There are so many things wrong with this. First, the IHSA is stepping way over its bounds. It doesn’t have the right to tell a newspaper what they can and can’t do with their photos. (The Illinois Press Association sued the IHSA to get access to the state football finals and lost the case. Has everyone in Illinois lost their minds?)

But on the other hand, a newspaper isn’t in–or shouldn’t be in–the business of selling reprints. Yet some are: “[V]isit the Web site of what’s now the SouthtownStar and you’ll see the paper means business. ‘Welcome to Southland Photo­Shoppe,’ it says. ‘Your shopping choices range from traditional prints to T-shirts, mugs, computer mouse pads and other items on which our photos are imprinted.’ A simple eight-by-ten is $25.” A newspaper is a public benefit, I believe the term is. It’s like a subway system or a museum in that it provides a value far greater than its monetary worth to shareholders. (Unlike subway systems and museums, newspapers aren’t kept afloat with government money. Probably a good thing, but the Beeb hasn’t often let me down…)
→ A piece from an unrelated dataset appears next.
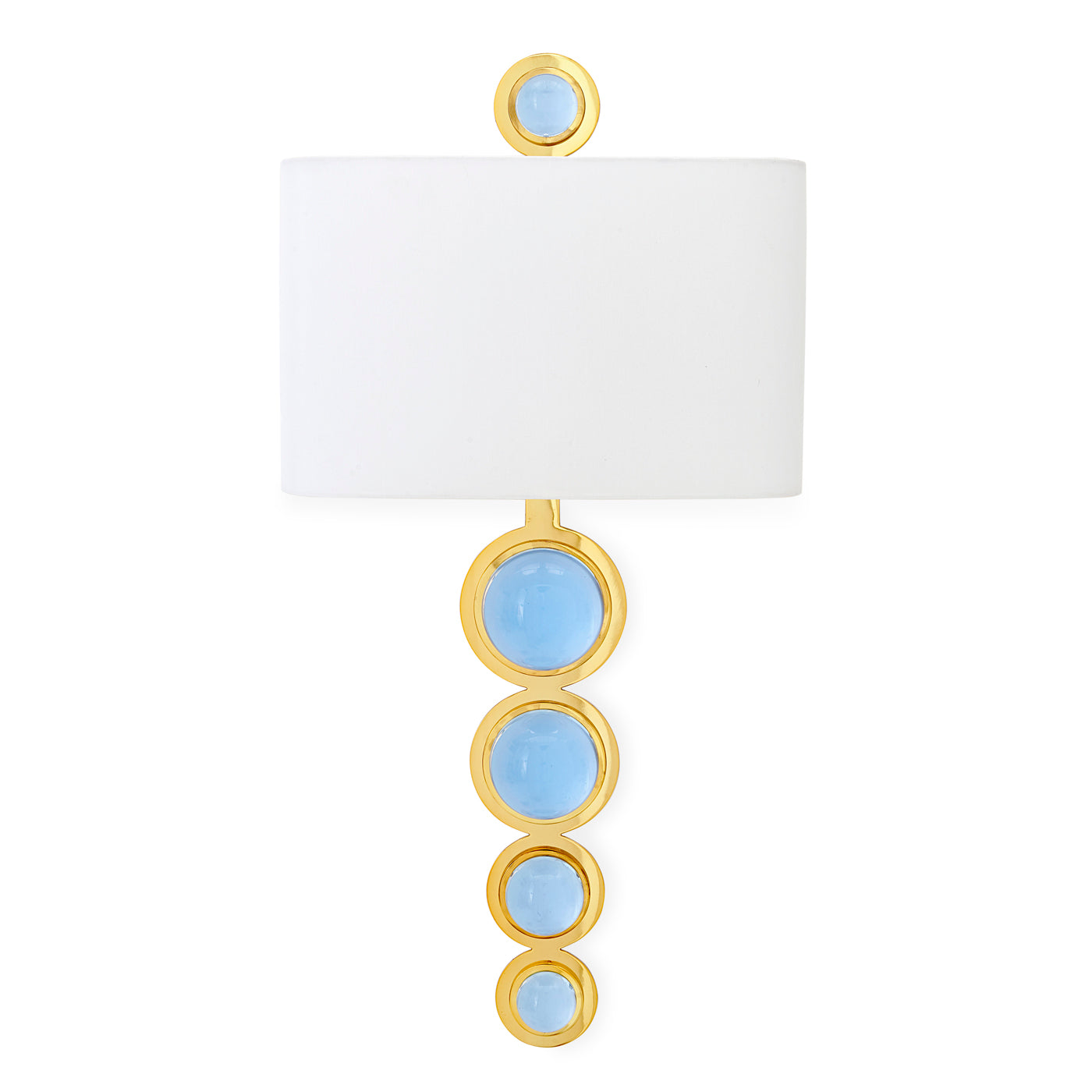 globo sconce acrylic blue brass - front view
Alas, the sad fact of the news industry is that papers have to pursue outside interests and investments to remain viable. The Washington Post company owns Kaplan. The New York Times has About.com. Gannett owns a job site for nurses? (What? That one came as a surprise for me, too.) So if a small paper in Peoria (or whatever) needs an extra $2000 a year to keep afloat, it’s sad, crass, but necessary. I just somehow feel that the value of the”money shot” picture is more than the photograph itself. Does seeing yourself (or your kid) on the front page of your hometown newspaper not count as a value-add anymore? Isn’t that worth more than a framed photograph? Isn’t there a way for papers to capitalize on this without becoming commercial?
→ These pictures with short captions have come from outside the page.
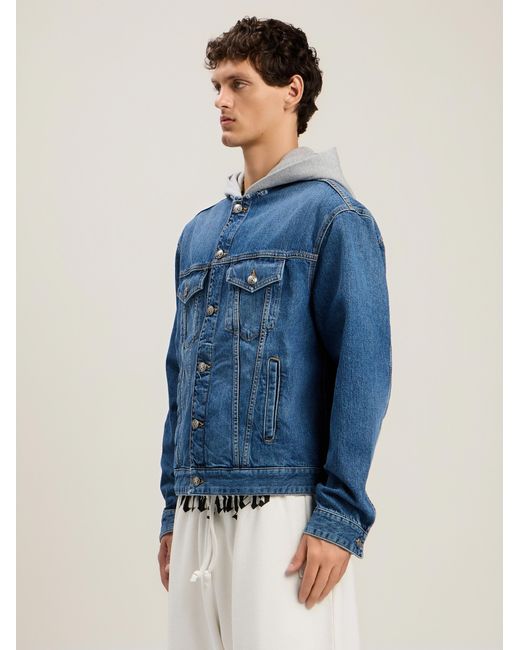 Palm Angels Blue Curved Logo Denim Jacket for men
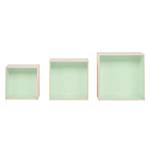 Etagère suspendue cubique Mika II Lot de 3 - Bouleau / Vert menthe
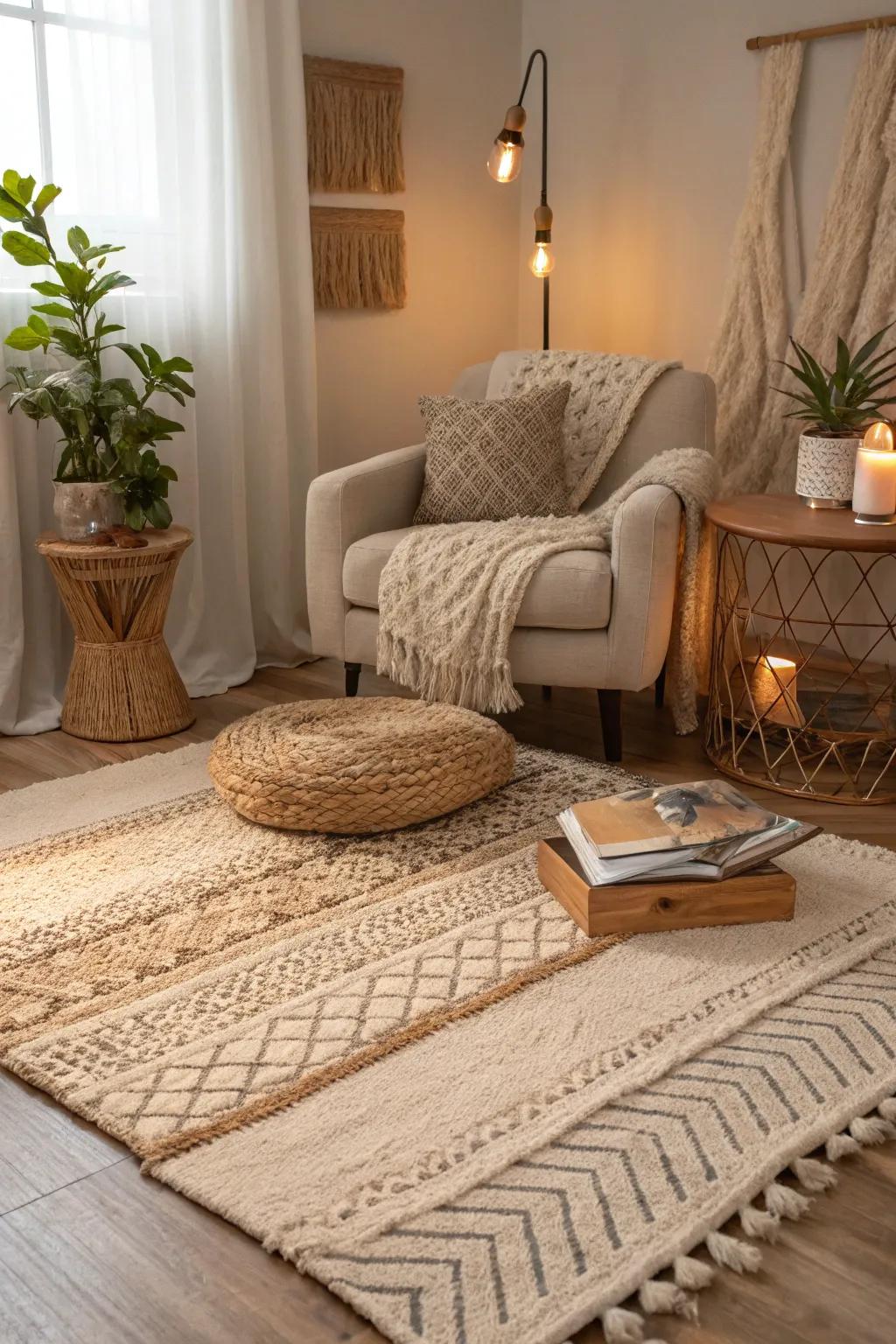 Textured rugs add layers of charm underfoot, grounding your space in cozy style.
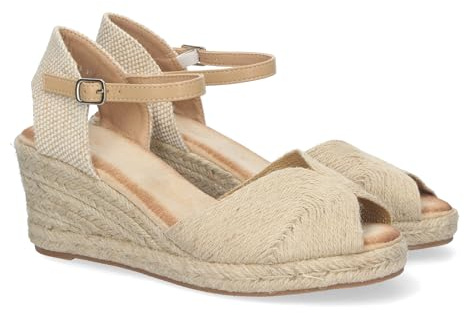 shoes&blues.es Sandalia de Cuna Elegantes y Comodas para Mujer, con Hebilla Ajustable, Cuna de Yute, Diseno Metalico.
In the end, nobody wins here. As Lyons says, if VIP ever decides it’s not making enough money and pulls out and there’s nobody to take pictures, “Badda bing, badda boom, you’re taking your own photos.” News organizations that have been made to feel unwelcome for years are not going to flock back to take pictures of the high school chess club.

Ugh.

  1. Chris Combs says:

    Newspapers have always been in the business of selling reprints. That’s not justification, just simple fact: back-issues and prints and file lookups cost money, because it costs man-hours and storage space to have the archives in the first place.

    You can’t contend that printmaking is a fully automated process; you know fully well how long it takes to make a good print of a photograph. A photograph as toned for newsprint doesn’t really have much in common with a photograph toned for a print. More work, more time.

    Newspapers are in the business of providing content. They’re not really in the business of providing things, so expect a thing to cost you more than a quarter…

    Providing content for free on the Internet is one thing; providing access to the materials that were used to create the content is another entirely, which is essentially what you’re buying with a print — an exceptionally fine-quality product crafted from the original JPEG or negative. Providing a 500px sRGB JPEG is not analogous to providing the original photograph; nor is providing a newspaper analogous to providing a print.

    If the newsprint’s good enough for you, you can always buy that from the Reprints Department of your newspaper; or pay more to get a good print from the Photo Department. Critiquing the availability of photo prints is akin to damning Target for having two vacuums, one cheap and one expensive: you are under no obligation to purchase the pricier one, but it’s available to those interested parties that understand the distinction.

    As Ansel Adams famously said, the negative is the symphony’s score; the print is the performance. You’re buying more with your $25 than a click of the “Print” button.

    (And the argument of a newspaper as public institution, “Paper of Record,” is a slippery slope; are reporters required to provide all of the historical facts that they garnered for an article? Putting on the historian’s hat suggests that entire interviews or anonymous sources should universally be revealed for the greater good.)